Morven s’est précipitée vers lui en l’appelant par son nom et lorsqu’il l’a vu il a arrêté brusquement son magnifique cheval noir. « Je suis heureux de pouvoir vous dire adieu, » a-t-il dit doucement, « car je m’en vais, je vais faire un bien long voyage.
- Avez-vous des nouvelles Jan ? » balbutia la jeune fille anxieuse.
Ton Jan va très bien, » a dit Stephen en souriant. « Il aura son château et ses terres, ça ne va pas poser de problème, je m’en suis occupé. Quant à moi, je vais chez Lothaire, Comte de Signi. Les étoiles ont dit vrai. Au début je ne comprenais pas, mais maintenant tout est clair et je lui ramène ce qu’il m’a envoyé chercher. Je vais à Rome et là j’obtiendrai le pouvoir suprême pour nous deux ! » Ses yeux brillaient de fanatisme.
« Vous reviendrez dans ce pays ? » a demandé Morven
« Oui, je reviendrai, quand j’aurai fait tout ce qui est nécessaire pour libérer le pays de l’emprise des tyrans ... mais, même si j’ai arrangé tes affaires, y a-t-il quelque chose dont tu ais besoin pour plus tard, quand je reviendrais ...
- A l’abbaye ?
- Non, pas à l’abbaye ! C’est la dernière fois que j’ai mis les pieds là-bas, j’en ai plus qu’assez de faire des courbettes à cet ivrogne stupide.

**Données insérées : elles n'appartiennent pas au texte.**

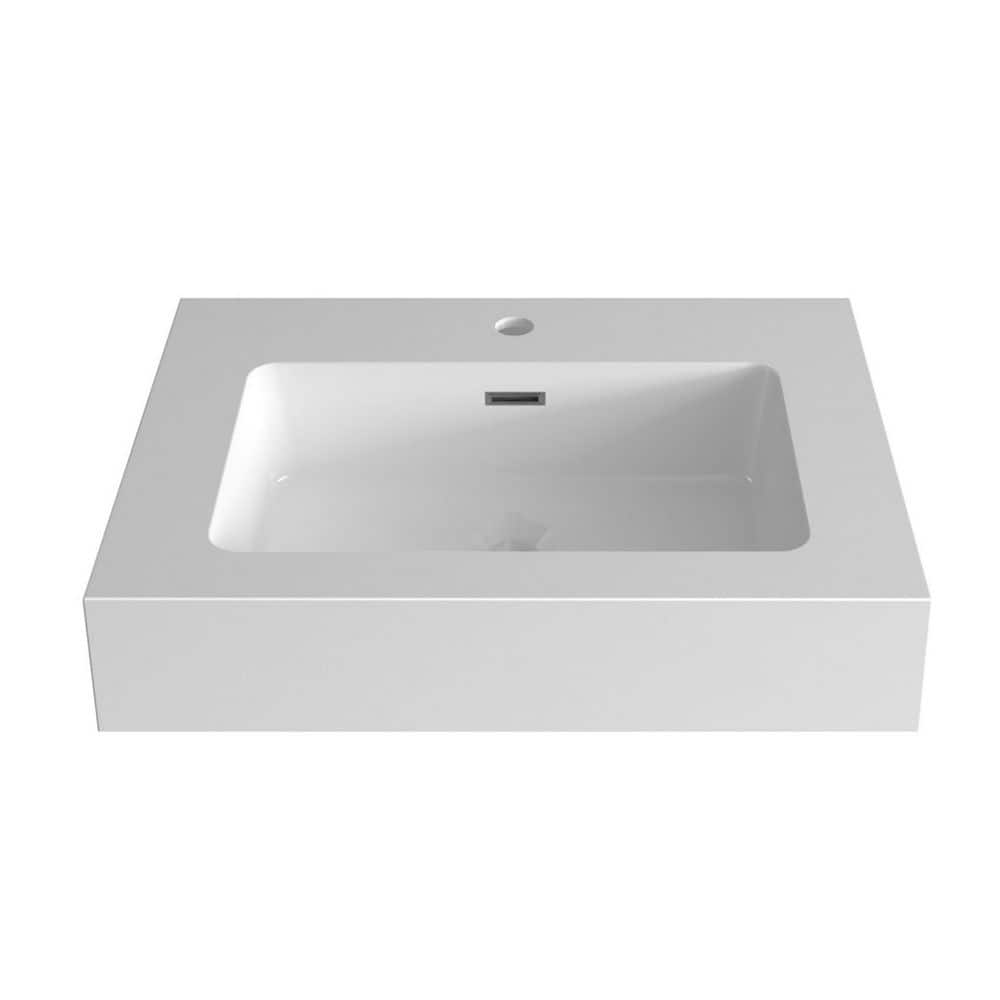 Boyel Living 24 in. W 18.1 in. D Solid Surface Vanity Top with Integrated Basin (Drain and faucet are NOT included) (1)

Je dis que quand je reviendrais, toute l’Angleterre saura que la Grande Charte des libertés et des droits de l’homme apportera la liberté et la justice à tous. Voilà quel est mon destin, Morven.
- Cette Grande Charte ?
- Oui. C’est ce qu’a prédit mon horoscope et c’est pour cela que j’ai volé les parchemins que Thur avait lui-même volé il y a bien longtemps. Je les amène à Lothaire di Signi, que les hommes appellent Pape Innocent III. Il sera le maitre de l’Europe, comme je serais celui de l’Angleterre, et je pense qu’on se souviendra des noms de Stephen Langton et d’Innocent III partout dans le monde pendant un millier d’années. Pour cela, moi Stephen Langton, j’ai abandonné tout espoir de bonheur sur cette terre, mais on se souviendra de moi comme celui qui a apporté la Grande Charte au Parlement, ce qui apportera la véritable liberté en Angleterre et de là elle se propagera partout dans le monde.

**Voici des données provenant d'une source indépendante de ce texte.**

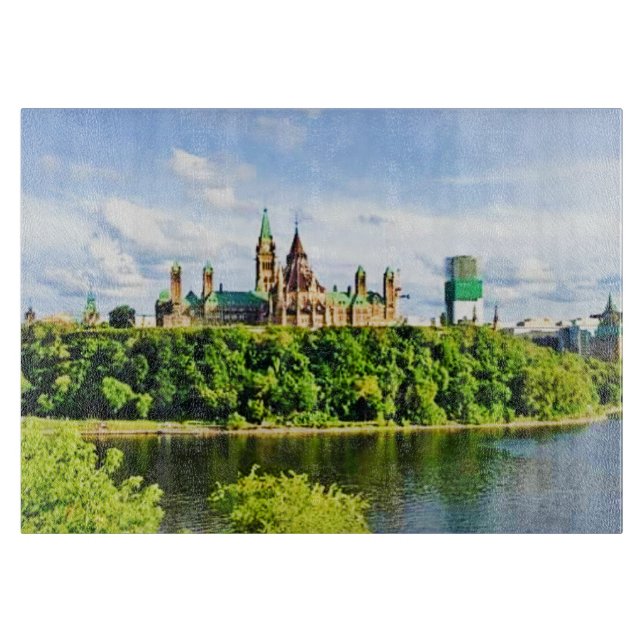 Architecture of Parliament Hill Ottawa. Buy Now Cutting Board (Front)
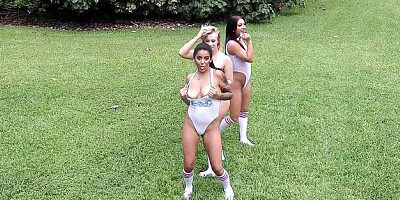 Tough Bailey Brooke and Mia Martinez at ass fuck scene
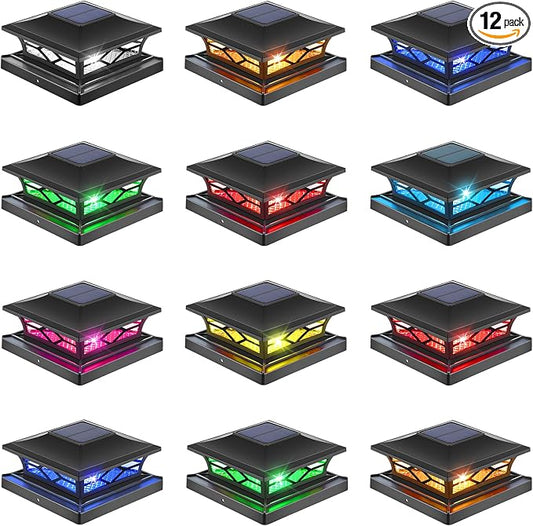 APONUO Solar Post Cap Lights with 8 RGB Colors and Multicolor Flow, Ultra-Bright Clear Lens, IP65 Waterproof for 4x4 5x5 6x6 Wood & Vinyl Fence Posts, 12 Pack Black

Et quant à toi Morven, tu pourras te souvenir qu’à un moment, toute cela et l’histoire du monde lui-même a dépendu d’un hochement de ton adorable tête. Sois bénie et portes-toi bien !
Stephen piqua son cheval avec ses éperons, salua Morven et parti, la laissant au bord de la route, le regarder s’éloigner. Il galopait comme une flèche, prêt à accomplir son destin avec l’aide de la Haute Magie, tout comme elle avait accompli le sien.